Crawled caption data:
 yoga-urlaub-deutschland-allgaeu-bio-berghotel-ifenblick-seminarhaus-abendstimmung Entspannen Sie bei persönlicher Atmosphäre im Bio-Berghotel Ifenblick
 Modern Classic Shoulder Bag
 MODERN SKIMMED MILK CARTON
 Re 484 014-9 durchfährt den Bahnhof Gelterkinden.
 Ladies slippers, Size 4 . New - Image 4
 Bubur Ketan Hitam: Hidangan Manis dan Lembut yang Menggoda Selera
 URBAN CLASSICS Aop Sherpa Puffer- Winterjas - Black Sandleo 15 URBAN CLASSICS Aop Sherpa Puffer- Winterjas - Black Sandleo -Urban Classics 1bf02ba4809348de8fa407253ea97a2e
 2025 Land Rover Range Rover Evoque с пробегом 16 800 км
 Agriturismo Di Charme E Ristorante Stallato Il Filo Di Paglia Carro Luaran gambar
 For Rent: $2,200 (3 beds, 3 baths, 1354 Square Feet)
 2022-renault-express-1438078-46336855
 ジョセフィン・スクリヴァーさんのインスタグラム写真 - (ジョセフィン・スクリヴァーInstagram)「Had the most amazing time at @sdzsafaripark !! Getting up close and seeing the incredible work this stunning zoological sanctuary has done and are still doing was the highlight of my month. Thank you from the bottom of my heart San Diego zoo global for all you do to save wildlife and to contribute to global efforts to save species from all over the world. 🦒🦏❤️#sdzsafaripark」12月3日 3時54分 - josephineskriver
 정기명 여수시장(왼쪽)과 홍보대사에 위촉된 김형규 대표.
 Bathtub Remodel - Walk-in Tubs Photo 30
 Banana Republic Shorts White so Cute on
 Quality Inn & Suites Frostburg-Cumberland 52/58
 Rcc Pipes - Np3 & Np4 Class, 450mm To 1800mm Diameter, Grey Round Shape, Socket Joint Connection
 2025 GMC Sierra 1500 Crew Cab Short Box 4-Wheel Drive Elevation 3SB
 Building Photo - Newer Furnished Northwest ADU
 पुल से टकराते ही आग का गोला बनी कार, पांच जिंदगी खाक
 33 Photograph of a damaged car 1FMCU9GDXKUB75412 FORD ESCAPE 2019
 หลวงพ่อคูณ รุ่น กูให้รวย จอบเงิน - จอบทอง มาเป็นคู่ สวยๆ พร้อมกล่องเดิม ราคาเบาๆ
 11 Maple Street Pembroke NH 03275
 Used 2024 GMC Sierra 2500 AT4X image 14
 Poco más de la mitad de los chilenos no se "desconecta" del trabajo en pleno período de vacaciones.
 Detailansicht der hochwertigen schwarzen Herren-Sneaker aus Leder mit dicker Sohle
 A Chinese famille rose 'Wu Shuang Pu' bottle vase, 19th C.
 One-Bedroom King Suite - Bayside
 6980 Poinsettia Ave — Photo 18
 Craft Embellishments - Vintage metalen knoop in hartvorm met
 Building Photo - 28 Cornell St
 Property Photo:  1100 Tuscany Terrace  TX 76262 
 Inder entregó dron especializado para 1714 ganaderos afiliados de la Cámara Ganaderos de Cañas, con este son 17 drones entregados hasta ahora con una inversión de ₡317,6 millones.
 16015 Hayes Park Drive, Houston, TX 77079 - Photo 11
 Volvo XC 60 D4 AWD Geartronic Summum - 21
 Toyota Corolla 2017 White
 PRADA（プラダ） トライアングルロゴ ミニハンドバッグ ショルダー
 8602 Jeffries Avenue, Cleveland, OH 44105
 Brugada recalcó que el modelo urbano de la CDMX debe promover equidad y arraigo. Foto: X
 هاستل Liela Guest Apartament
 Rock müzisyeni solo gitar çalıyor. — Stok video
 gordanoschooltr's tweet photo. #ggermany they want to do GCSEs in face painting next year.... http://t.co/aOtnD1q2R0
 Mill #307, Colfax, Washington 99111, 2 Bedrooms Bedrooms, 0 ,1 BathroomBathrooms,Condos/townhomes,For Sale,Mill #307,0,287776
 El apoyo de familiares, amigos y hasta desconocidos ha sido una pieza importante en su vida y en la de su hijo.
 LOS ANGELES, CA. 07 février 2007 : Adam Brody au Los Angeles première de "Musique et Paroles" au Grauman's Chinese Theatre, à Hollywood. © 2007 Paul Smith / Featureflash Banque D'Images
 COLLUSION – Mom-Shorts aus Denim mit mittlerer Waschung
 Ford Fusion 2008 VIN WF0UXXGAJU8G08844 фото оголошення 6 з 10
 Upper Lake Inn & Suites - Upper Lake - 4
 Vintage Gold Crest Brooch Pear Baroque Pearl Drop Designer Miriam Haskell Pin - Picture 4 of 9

| What is being asked |
Every line of the data above should be retyped precisely.

| Solution |
 yoga-urlaub-deutschland-allgaeu-bio-berghotel-ifenblick-seminarhaus-abendstimmung Entspannen Sie bei persönlicher Atmosphäre im Bio-Berghotel Ifenblick
 Modern Classic Shoulder Bag
 MODERN SKIMMED MILK CARTON
 Re 484 014-9 durchfährt den Bahnhof Gelterkinden.
 Ladies slippers, Size 4 . New - Image 4
 Bubur Ketan Hitam: Hidangan Manis dan Lembut yang Menggoda Selera
 URBAN CLASSICS Aop Sherpa Puffer- Winterjas - Black Sandleo 15 URBAN CLASSICS Aop Sherpa Puffer- Winterjas - Black Sandleo -Urban Classics 1bf02ba4809348de8fa407253ea97a2e
 2025 Land Rover Range Rover Evoque с пробегом 16 800 км
 Agriturismo Di Charme E Ristorante Stallato Il Filo Di Paglia Carro Luaran gambar
 For Rent: $2,200 (3 beds, 3 baths, 1354 Square Feet)
 2022-renault-express-1438078-46336855
 ジョセフィン・スクリヴァーさんのインスタグラム写真 - (ジョセフィン・スクリヴァーInstagram)「Had the most amazing time at @sdzsafaripark !! Getting up close and seeing the incredible work this stunning zoological sanctuary has done and are still doing was the highlight of my month. Thank you from the bottom of my heart San Diego zoo global for all you do to save wildlife and to contribute to global efforts to save species from all over the world. 🦒🦏❤️#sdzsafaripark」12月3日 3時54分 - josephineskriver
 정기명 여수시장(왼쪽)과 홍보대사에 위촉된 김형규 대표.
 Bathtub Remodel - Walk-in Tubs Photo 30
 Banana Republic Shorts White so Cute on
 Quality Inn & Suites Frostburg-Cumberland 52/58
 Rcc Pipes - Np3 & Np4 Class, 450mm To 1800mm Diameter, Grey Round Shape, Socket Joint Connection
 2025 GMC Sierra 1500 Crew Cab Short Box 4-Wheel Drive Elevation 3SB
 Building Photo - Newer Furnished Northwest ADU
 पुल से टकराते ही आग का गोला बनी कार, पांच जिंदगी खाक
 33 Photograph of a damaged car 1FMCU9GDXKUB75412 FORD ESCAPE 2019
 หลวงพ่อคูณ รุ่น กูให้รวย จอบเงิน - จอบทอง มาเป็นคู่ สวยๆ พร้อมกล่องเดิม ราคาเบาๆ
 11 Maple Street Pembroke NH 03275
 Used 2024 GMC Sierra 2500 AT4X image 14
 Poco más de la mitad de los chilenos no se "desconecta" del trabajo en pleno período de vacaciones.
 Detailansicht der hochwertigen schwarzen Herren-Sneaker aus Leder mit dicker Sohle
 A Chinese famille rose 'Wu Shuang Pu' bottle vase, 19th C.
 One-Bedroom King Suite - Bayside
 6980 Poinsettia Ave — Photo 18
 Craft Embellishments - Vintage metalen knoop in hartvorm met
 Building Photo - 28 Cornell St
 Property Photo:  1100 Tuscany Terrace  TX 76262 
 Inder entregó dron especializado para 1714 ganaderos afiliados de la Cámara Ganaderos de Cañas, con este son 17 drones entregados hasta ahora con una inversión de ₡317,6 millones.
 16015 Hayes Park Drive, Houston, TX 77079 - Photo 11
 Volvo XC 60 D4 AWD Geartronic Summum - 21
 Toyota Corolla 2017 White
 PRADA（プラダ） トライアングルロゴ ミニハンドバッグ ショルダー
 8602 Jeffries Avenue, Cleveland, OH 44105
 Brugada recalcó que el modelo urbano de la CDMX debe promover equidad y arraigo. Foto: X
 هاستل Liela Guest Apartament
 Rock müzisyeni solo gitar çalıyor. — Stok video
 gordanoschooltr's tweet photo. #ggermany they want to do GCSEs in face painting next year.... http://t.co/aOtnD1q2R0
 Mill #307, Colfax, Washington 99111, 2 Bedrooms Bedrooms, 0 ,1 BathroomBathrooms,Condos/townhomes,For Sale,Mill #307,0,287776
 El apoyo de familiares, amigos y hasta desconocidos ha sido una pieza importante en su vida y en la de su hijo.
 LOS ANGELES, CA. 07 février 2007 : Adam Brody au Los Angeles première de "Musique et Paroles" au Grauman's Chinese Theatre, à Hollywood. © 2007 Paul Smith / Featureflash Banque D'Images
 COLLUSION – Mom-Shorts aus Denim mit mittlerer Waschung
 Ford Fusion 2008 VIN WF0UXXGAJU8G08844 фото оголошення 6 з 10
 Upper Lake Inn & Suites - Upper Lake - 4
 Vintage Gold Crest Brooch Pear Baroque Pearl Drop Designer Miriam Haskell Pin - Picture 4 of 9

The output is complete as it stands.